Now an effort to restore the old pool to some version of its glory days, when it rang with cheers for champions like Buster Crabbe and Johnny Weismuller (who set a record of 58 seconds for the 100-meter freestyle on opening day), has run into opposition. The fight has pitted local beachgoers against Honolulu’s mayor and civic boosters eager to restore Waikiki’s luster, and put environmentalists at odds with preservationists in the latest example of Hawaii’s perpetual effort to balance the pleasures of paradise with the economic realities of a tourist economy.
“I quite frankly am ashamed that we have this rotting hulk of a war memorial right in the heart of our beautiful waterfront,” said Honolulu’s mayor, Jeremy Harris, who has led the $11.5 million effort to restore the pool and the graceful colonnade that fronts it. “It’s on both the national and state historic registers, and as such, from a legal standpoint, it can’t be torn down. And from a moral standpoint, you shouldn’t tear it down, either.”
But a poll by The Honolulu Star-Bulletin last winter found that Oahu residents opposed restoring the pool two to one, and Mr. Harris’s plans have been at least partly blocked by a grass-roots group of residents, known as the Kaimana Beach Coalition, who fear that the restoration plan would not insure the quality of the water in the pool and would despoil Sans Souci Beach, a quiet strip of sand just to the east, under the shadow of Diamond Head. For years, Sans Souci has been a peaceful refuge from the tourist crush of Waikiki, and it still retains the lazy feel that in territorial days drew Robert Louis Stevenson to a genteel hotel on the site.
“I really care about that beach,” said Rick Bernstein, 54, a yoga teacher who leads the coalition and has lived here for 34 years. He wants the pool torn down to make way for a new 400-foot beach with only the memorial archway restored. “That beach is like a lung for the people of Honolulu. All kinds of people come and gather at all different times of day and night.”
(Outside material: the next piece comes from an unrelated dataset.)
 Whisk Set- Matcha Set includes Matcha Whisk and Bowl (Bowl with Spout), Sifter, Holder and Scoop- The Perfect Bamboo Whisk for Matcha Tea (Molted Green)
Last spring, the opponents of restoration won one round when a Circuit Court judge ruled that any new pool would have to comply with clarity and water quality standards for freshwater pools. City officials say compliance is impossible. But this summer, another judge refused to block the city from beginning restoration of the bleachers, changing rooms and archways on the land side while the State Health Department draws up new regulations specifying standards for saltwater pools. Now, rusted steel rods and crumbling concrete are being replaced, and a new head will be cast for a majestic bald eagle on the facade.
City officials do not dispute that the original pool was an engineering disaster almost from the start. A deep, uneven sand bottom (to accommodate diving towers) hindered the flow of coastal current, and four 24-inch openings on each side proved hopelessly inadequate for re-circulating ocean water to keep the pool clean. It was finally closed as a health hazard in 1979. But officials say their new plan, together with a pair of groins to be built out into the ocean to trap passing drift, means the water quality in the new pool will be the same as in the ocean.
But opponents say they know of no other public saltwater swimming pools in the United States, and state health officials have warned that it may be impossible to guarantee adequate water clarity for lifeguards to see swimmers on the bottom. Opponents also fear that the new groins would change the flow of current to Sans Souci Beach, making the water there stagnant, though city officials sharply dispute that.
Already, the issue has prompted political infighting. In the face of opposition from the City Council, Mayor Harris said he dropped any plan of using the pool for nighttime water ballets or hula shows to help finance the estimated $300,000 annual maintenance costs. Mr. Harris’s predecessor as mayor, Frank Fasi, who opposes restoring the pool, has threatened to run against him next year.
“If there was a swimming pool that was an enclosed, chlorinated swimming pool, it would be a little redundant,” said Jim Bickerton, a lawyer for the pool opponents who are about to file an appeal with the State Supreme Court to try to block further construction until the city can show it can meet government requirements for operating a pool. “But if that’s what the community felt would be good, we don’t have any problem with that.”
But, Mr. Bickerton added, “doing it a way that’s either going to be over-commercialized or waste the ocean frontage because it’s going to be a white elephant that can never open doesn’t make sense.”